Curtis placed his four small divisions astride the Telegraph or Wire Road in a fortified position atop the bluffs north of Little Sugar Creek. From the creek, the Telegraph Road went northeast to Elkhorn Tavern where it intersected the Huntsville Road leading east, and Ford Road leading west. From Elkhorn, the Wire Road continued north and down into Cross Timber Hollow before crossing the border into Missouri. From there, the Federal supply line followed the Telegraph Road northeast to St. Louis. The hamlet of Leetown lay north-west of the Telegraph Road, about halfway between Curtis's position on the bluffs and Ford Road.

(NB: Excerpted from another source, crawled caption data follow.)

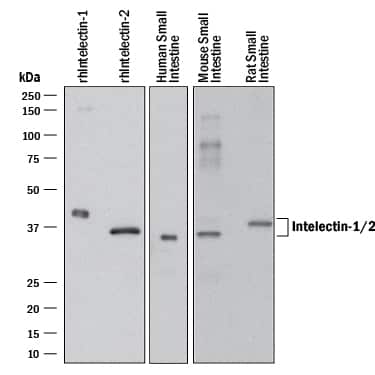 Western blot shows lysates of recombinant human Intelectin-1 (Catalog # 9137-IN), recombinant human Intelectin-2, human small intestine tissue, mouse small intestine tissue, and rat small intestine tissue. PVDF membrane was probed with 0.5 µg/mL of Mouse Anti-Human/Mouse/Rat Intelectin-1/2 Monoclonal Antibody (Catalog # MAB42542) followed by HRP-conjugated Anti-Mouse IgG Secondary Antibody (Catalog # HAF018). A specific band was detected for Intelectin-1/2 at approximately 36-40 kDa (as indicated). This experiment was conducted under reducing conditions and using Immunoblot Buffer Group 1.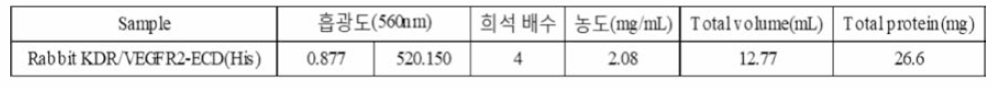 농축 후 단백질 농도 측정 (BCA method with BGG as a protein standard)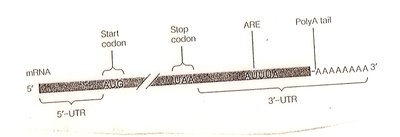 miRNA biogenesis and function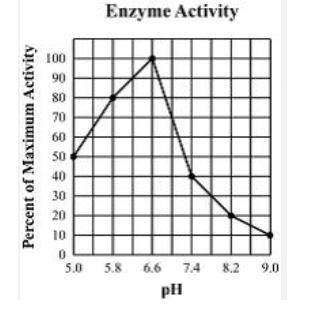 Which of the following conclusions can be drawn from this graph?

A) The optimum pH of the enzyme
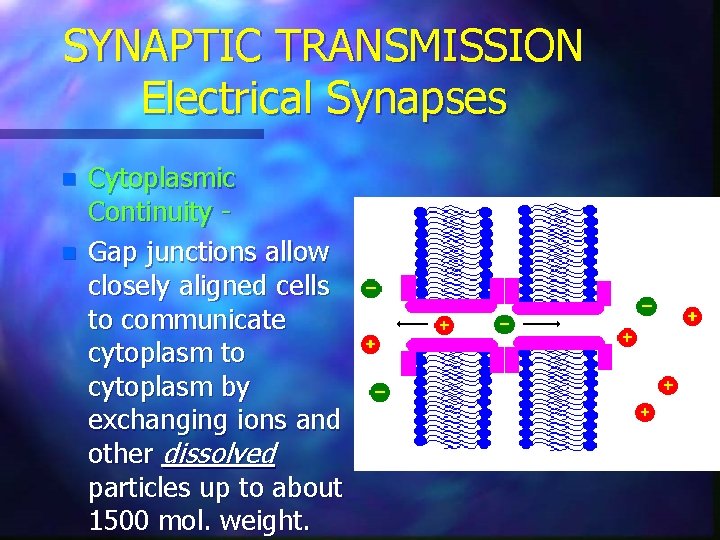 SYNAPTIC TRANSMISSION Electrical Synapses n n Cytoplasmic Continuity Gap junctions allow closely aligned cells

Curtis made his headquarters at Pratt's Store, located on the Wire Road between Elkhorn and Little Sugar Creek.

Van Dorn sought the Federal rear via the Bentonville Detour. This ran from Camp Stephens, west of Curtis's position, northeast onto the Pea Ridge plateau. At Twelve Corner Church, which still stands today, Ford Road branched east to Elkhorn; the Detour continued northeast, meeting the Wire Road just north of Cross Timber Hollow. South of the Bentonville Detour, west of Cross Timber Hollow, and north of Ford Road lay the militarily impassable Big Mountain.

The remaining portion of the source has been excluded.